##### Given records
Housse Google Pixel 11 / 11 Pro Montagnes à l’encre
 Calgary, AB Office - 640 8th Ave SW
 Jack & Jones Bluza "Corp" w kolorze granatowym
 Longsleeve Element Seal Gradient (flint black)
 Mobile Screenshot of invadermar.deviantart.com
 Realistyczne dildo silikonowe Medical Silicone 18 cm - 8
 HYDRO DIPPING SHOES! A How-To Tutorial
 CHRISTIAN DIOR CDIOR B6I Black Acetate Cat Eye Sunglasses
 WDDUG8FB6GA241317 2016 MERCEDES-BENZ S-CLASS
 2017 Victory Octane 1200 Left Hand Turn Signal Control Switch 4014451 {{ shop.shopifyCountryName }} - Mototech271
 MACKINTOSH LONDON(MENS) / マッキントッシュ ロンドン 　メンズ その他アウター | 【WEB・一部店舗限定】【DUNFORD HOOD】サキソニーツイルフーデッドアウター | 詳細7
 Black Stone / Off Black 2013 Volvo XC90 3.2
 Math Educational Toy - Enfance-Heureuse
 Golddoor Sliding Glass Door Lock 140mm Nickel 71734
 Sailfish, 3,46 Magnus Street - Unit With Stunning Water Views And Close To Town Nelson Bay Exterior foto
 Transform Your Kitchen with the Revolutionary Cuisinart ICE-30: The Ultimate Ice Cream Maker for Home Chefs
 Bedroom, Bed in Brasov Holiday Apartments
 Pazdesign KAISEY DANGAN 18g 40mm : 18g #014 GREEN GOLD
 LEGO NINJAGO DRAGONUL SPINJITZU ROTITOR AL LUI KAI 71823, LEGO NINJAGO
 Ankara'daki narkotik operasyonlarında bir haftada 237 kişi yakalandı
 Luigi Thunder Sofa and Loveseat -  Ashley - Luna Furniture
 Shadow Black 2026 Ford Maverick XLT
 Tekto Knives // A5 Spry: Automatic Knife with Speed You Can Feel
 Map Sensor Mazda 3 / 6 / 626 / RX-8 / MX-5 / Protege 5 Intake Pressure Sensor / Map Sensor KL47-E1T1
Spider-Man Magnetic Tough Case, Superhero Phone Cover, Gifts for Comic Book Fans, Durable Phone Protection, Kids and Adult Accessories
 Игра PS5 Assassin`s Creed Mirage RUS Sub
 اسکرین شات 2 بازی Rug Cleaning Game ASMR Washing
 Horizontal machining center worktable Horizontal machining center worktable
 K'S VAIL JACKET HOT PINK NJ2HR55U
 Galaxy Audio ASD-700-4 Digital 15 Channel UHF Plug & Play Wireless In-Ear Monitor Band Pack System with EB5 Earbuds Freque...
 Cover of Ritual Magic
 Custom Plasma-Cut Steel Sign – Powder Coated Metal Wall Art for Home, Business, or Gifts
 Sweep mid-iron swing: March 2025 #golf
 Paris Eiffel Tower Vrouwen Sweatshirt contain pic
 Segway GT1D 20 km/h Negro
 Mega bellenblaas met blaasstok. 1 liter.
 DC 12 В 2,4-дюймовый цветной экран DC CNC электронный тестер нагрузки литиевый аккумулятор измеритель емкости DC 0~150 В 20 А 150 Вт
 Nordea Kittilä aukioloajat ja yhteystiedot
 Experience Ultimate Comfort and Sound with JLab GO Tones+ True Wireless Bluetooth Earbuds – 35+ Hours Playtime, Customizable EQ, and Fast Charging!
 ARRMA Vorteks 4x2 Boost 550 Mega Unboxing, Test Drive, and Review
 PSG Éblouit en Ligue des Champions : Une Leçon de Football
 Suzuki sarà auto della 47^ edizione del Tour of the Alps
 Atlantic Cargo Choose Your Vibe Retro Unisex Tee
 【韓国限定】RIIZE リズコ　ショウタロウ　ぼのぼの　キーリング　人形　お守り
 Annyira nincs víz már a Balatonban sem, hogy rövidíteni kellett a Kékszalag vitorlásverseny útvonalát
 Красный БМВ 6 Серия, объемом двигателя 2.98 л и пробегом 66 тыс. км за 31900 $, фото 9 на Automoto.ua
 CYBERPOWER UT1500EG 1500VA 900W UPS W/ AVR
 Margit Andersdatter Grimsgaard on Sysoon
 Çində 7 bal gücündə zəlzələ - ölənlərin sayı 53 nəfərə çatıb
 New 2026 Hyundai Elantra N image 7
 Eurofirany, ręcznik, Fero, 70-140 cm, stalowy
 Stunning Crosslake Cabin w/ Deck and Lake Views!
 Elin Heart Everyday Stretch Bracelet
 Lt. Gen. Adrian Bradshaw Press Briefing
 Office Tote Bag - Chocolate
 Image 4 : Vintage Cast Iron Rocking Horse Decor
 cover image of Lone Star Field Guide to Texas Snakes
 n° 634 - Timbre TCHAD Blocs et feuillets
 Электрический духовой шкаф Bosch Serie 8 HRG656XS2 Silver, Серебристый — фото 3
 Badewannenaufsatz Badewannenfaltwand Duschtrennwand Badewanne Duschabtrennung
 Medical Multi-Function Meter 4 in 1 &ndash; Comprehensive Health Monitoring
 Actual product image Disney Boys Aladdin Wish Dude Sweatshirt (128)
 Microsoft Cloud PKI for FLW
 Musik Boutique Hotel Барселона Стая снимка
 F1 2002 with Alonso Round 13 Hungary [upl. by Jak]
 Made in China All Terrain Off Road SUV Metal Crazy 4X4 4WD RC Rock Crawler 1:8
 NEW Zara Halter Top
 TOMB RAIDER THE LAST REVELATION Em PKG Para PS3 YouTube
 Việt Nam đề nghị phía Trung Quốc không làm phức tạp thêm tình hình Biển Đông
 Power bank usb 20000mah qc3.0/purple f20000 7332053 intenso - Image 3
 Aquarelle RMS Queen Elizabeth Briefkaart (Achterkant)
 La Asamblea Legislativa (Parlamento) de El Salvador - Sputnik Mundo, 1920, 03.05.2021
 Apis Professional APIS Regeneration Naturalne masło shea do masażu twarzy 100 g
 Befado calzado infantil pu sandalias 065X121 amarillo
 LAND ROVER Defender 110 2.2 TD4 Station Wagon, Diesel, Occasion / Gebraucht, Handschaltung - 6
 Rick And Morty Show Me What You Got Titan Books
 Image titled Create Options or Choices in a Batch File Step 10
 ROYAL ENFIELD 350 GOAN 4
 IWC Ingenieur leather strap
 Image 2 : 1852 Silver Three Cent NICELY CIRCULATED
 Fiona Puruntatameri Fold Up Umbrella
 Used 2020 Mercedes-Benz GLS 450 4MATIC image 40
##########
» **Brief**:
Every entry that appears above should be duplicated exactly.

» **Result below**:
Housse Google Pixel 11 / 11 Pro Montagnes à l’encre
 Calgary, AB Office - 640 8th Ave SW
 Jack & Jones Bluza "Corp" w kolorze granatowym
 Longsleeve Element Seal Gradient (flint black)
 Mobile Screenshot of invadermar.deviantart.com
 Realistyczne dildo silikonowe Medical Silicone 18 cm - 8
 HYDRO DIPPING SHOES! A How-To Tutorial
 CHRISTIAN DIOR CDIOR B6I Black Acetate Cat Eye Sunglasses
 WDDUG8FB6GA241317 2016 MERCEDES-BENZ S-CLASS
 2017 Victory Octane 1200 Left Hand Turn Signal Control Switch 4014451 {{ shop.shopifyCountryName }} - Mototech271
 MACKINTOSH LONDON(MENS) / マッキントッシュ ロンドン 　メンズ その他アウター | 【WEB・一部店舗限定】【DUNFORD HOOD】サキソニーツイルフーデッドアウター | 詳細7
 Black Stone / Off Black 2013 Volvo XC90 3.2
 Math Educational Toy - Enfance-Heureuse
 Golddoor Sliding Glass Door Lock 140mm Nickel 71734
 Sailfish, 3,46 Magnus Street - Unit With Stunning Water Views And Close To Town Nelson Bay Exterior foto
 Transform Your Kitchen with the Revolutionary Cuisinart ICE-30: The Ultimate Ice Cream Maker for Home Chefs
 Bedroom, Bed in Brasov Holiday Apartments
 Pazdesign KAISEY DANGAN 18g 40mm : 18g #014 GREEN GOLD
 LEGO NINJAGO DRAGONUL SPINJITZU ROTITOR AL LUI KAI 71823, LEGO NINJAGO
 Ankara'daki narkotik operasyonlarında bir haftada 237 kişi yakalandı
 Luigi Thunder Sofa and Loveseat -  Ashley - Luna Furniture
 Shadow Black 2026 Ford Maverick XLT
 Tekto Knives // A5 Spry: Automatic Knife with Speed You Can Feel
 Map Sensor Mazda 3 / 6 / 626 / RX-8 / MX-5 / Protege 5 Intake Pressure Sensor / Map Sensor KL47-E1T1
Spider-Man Magnetic Tough Case, Superhero Phone Cover, Gifts for Comic Book Fans, Durable Phone Protection, Kids and Adult Accessories
 Игра PS5 Assassin`s Creed Mirage RUS Sub
 اسکرین شات 2 بازی Rug Cleaning Game ASMR Washing
 Horizontal machining center worktable Horizontal machining center worktable
 K'S VAIL JACKET HOT PINK NJ2HR55U
 Galaxy Audio ASD-700-4 Digital 15 Channel UHF Plug & Play Wireless In-Ear Monitor Band Pack System with EB5 Earbuds Freque...
 Cover of Ritual Magic
 Custom Plasma-Cut Steel Sign – Powder Coated Metal Wall Art for Home, Business, or Gifts
 Sweep mid-iron swing: March 2025 #golf
 Paris Eiffel Tower Vrouwen Sweatshirt contain pic
 Segway GT1D 20 km/h Negro
 Mega bellenblaas met blaasstok. 1 liter.
 DC 12 В 2,4-дюймовый цветной экран DC CNC электронный тестер нагрузки литиевый аккумулятор измеритель емкости DC 0~150 В 20 А 150 Вт
 Nordea Kittilä aukioloajat ja yhteystiedot
 Experience Ultimate Comfort and Sound with JLab GO Tones+ True Wireless Bluetooth Earbuds – 35+ Hours Playtime, Customizable EQ, and Fast Charging!
 ARRMA Vorteks 4x2 Boost 550 Mega Unboxing, Test Drive, and Review
 PSG Éblouit en Ligue des Champions : Une Leçon de Football
 Suzuki sarà auto della 47^ edizione del Tour of the Alps
 Atlantic Cargo Choose Your Vibe Retro Unisex Tee
 【韓国限定】RIIZE リズコ　ショウタロウ　ぼのぼの　キーリング　人形　お守り
 Annyira nincs víz már a Balatonban sem, hogy rövidíteni kellett a Kékszalag vitorlásverseny útvonalát
 Красный БМВ 6 Серия, объемом двигателя 2.98 л и пробегом 66 тыс. км за 31900 $, фото 9 на Automoto.ua
 CYBERPOWER UT1500EG 1500VA 900W UPS W/ AVR
 Margit Andersdatter Grimsgaard on Sysoon
 Çində 7 bal gücündə zəlzələ - ölənlərin sayı 53 nəfərə çatıb
 New 2026 Hyundai Elantra N image 7
 Eurofirany, ręcznik, Fero, 70-140 cm, stalowy
 Stunning Crosslake Cabin w/ Deck and Lake Views!
 Elin Heart Everyday Stretch Bracelet
 Lt. Gen. Adrian Bradshaw Press Briefing
 Office Tote Bag - Chocolate
 Image 4 : Vintage Cast Iron Rocking Horse Decor
 cover image of Lone Star Field Guide to Texas Snakes
 n° 634 - Timbre TCHAD Blocs et feuillets
 Электрический духовой шкаф Bosch Serie 8 HRG656XS2 Silver, Серебристый — фото 3
 Badewannenaufsatz Badewannenfaltwand Duschtrennwand Badewanne Duschabtrennung
 Medical Multi-Function Meter 4 in 1 &ndash; Comprehensive Health Monitoring
 Actual product image Disney Boys Aladdin Wish Dude Sweatshirt (128)
 Microsoft Cloud PKI for FLW
 Musik Boutique Hotel Барселона Стая снимка
 F1 2002 with Alonso Round 13 Hungary [upl. by Jak]
 Made in China All Terrain Off Road SUV Metal Crazy 4X4 4WD RC Rock Crawler 1:8
 NEW Zara Halter Top
 TOMB RAIDER THE LAST REVELATION Em PKG Para PS3 YouTube
 Việt Nam đề nghị phía Trung Quốc không làm phức tạp thêm tình hình Biển Đông
 Power bank usb 20000mah qc3.0/purple f20000 7332053 intenso - Image 3
 Aquarelle RMS Queen Elizabeth Briefkaart (Achterkant)
 La Asamblea Legislativa (Parlamento) de El Salvador - Sputnik Mundo, 1920, 03.05.2021
 Apis Professional APIS Regeneration Naturalne masło shea do masażu twarzy 100 g
 Befado calzado infantil pu sandalias 065X121 amarillo
 LAND ROVER Defender 110 2.2 TD4 Station Wagon, Diesel, Occasion / Gebraucht, Handschaltung - 6
 Rick And Morty Show Me What You Got Titan Books
 Image titled Create Options or Choices in a Batch File Step 10
 ROYAL ENFIELD 350 GOAN 4
 IWC Ingenieur leather strap
 Image 2 : 1852 Silver Three Cent NICELY CIRCULATED
 Fiona Puruntatameri Fold Up Umbrella
 Used 2020 Mercedes-Benz GLS 450 4MATIC image 40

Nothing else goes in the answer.